The first layer of hardware security is the establishment of a Root of Trust. The Root of Trust (RoT) is a hardware-validated boot process that ensures the first executable opcode starts from an immutable source. This is the anchor of the boot process that subsequently plays a role in bootstrapping the rest of the system from BIOS to the operating system to the application. A RoT is a baseline defense against a rootkit. 

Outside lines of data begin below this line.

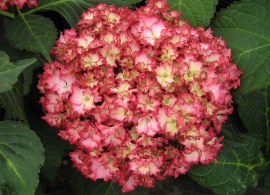 hydrangea-macrophylla-boskoop-beauty-5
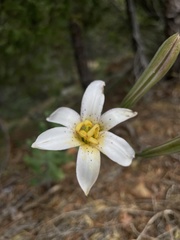 Lilium rubescens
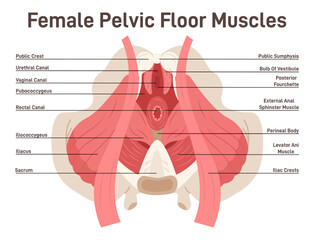Anatomy of female pelvic floor muscles. Crotch anatomy, pelvic floor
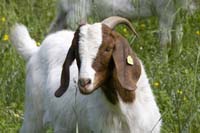 20080601endagandernatur017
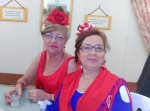 Ampliar imagen
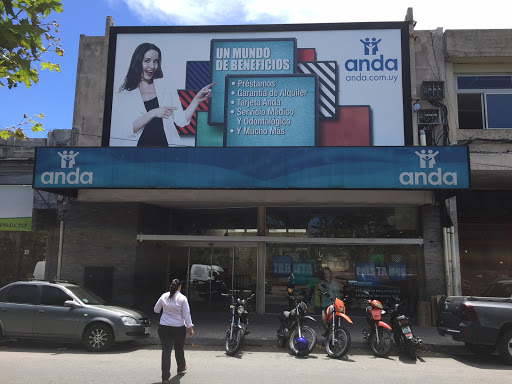 Banco Anda Las Piedras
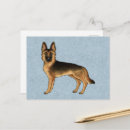 Suche nach deutscher schaferhund postkarten Gsd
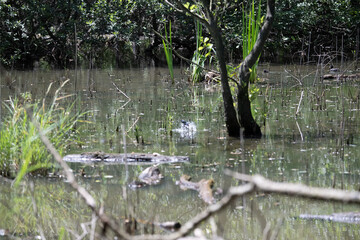 Bird perched on a branch near still water surrounded by lush vegetation in a tranquil natural setting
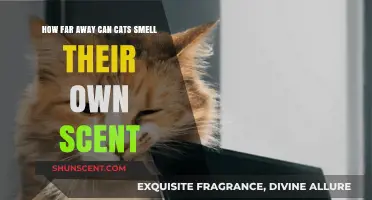 How Far Can Cats Detect Their Own Scent Markers?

Each phase validates the next phase in the boot process and builds a Chain of Trust. An RoT can have different starting methods such as:

• Boot from ROM or a non-writable memory to store the image and root key
• One-time programmable memory using fuse bits for root key storage
• Boot from a protected memory region that loads code into a protected memory store

An RoT also needs to validate each new phase of boot. Each phase of boot maintains a set of cryptographically signed keys that are used to verify the next phase of boot:

Processors that support an RoT are architecturally unique. Intel and ARM support the following:

• ARM TrustZone: ARM sells a security silicon IP block for SOC manufacturers that provides a hardware Root of Trust as well as other security services. TrustZone divides hardware into secure and non-secure "worlds". TrustZone is a separated microprocessor from the non-secure core. IT runs a Trusted OS specially designed for security that has a well-defined interface to the non-secure world. Protected assets and functions reside in the trusted core and should be lightweight by design. The switching between worlds is done through hardware context switching, eliminating the need for secure monitor software. Other uses for TrustZone are to manage system keys, credit card transactions, and Digital Rights Management. TrustZone is available for A "application" and M "microcontroller" CPUs. This form of secure CPU, Trusted OS, and RoT is called a Trusted Execution Environment (TEE). 
• Intel Boot Guard: This is a hardware-based mechanism that provides a verified boot which cryptographically verifies the initial boot block or uses a measuring process for validation. Boot Guard requires a manufacture to generate a 2048-bit key for verifying the initial block. The key is split into a private and public portion. The public key is imprinted by programmatically "blowing" fuse-bits during manufacturing. These are one-time fuses and immutable. The private portion generates the signature of the subsequently verified portion of the boot phase.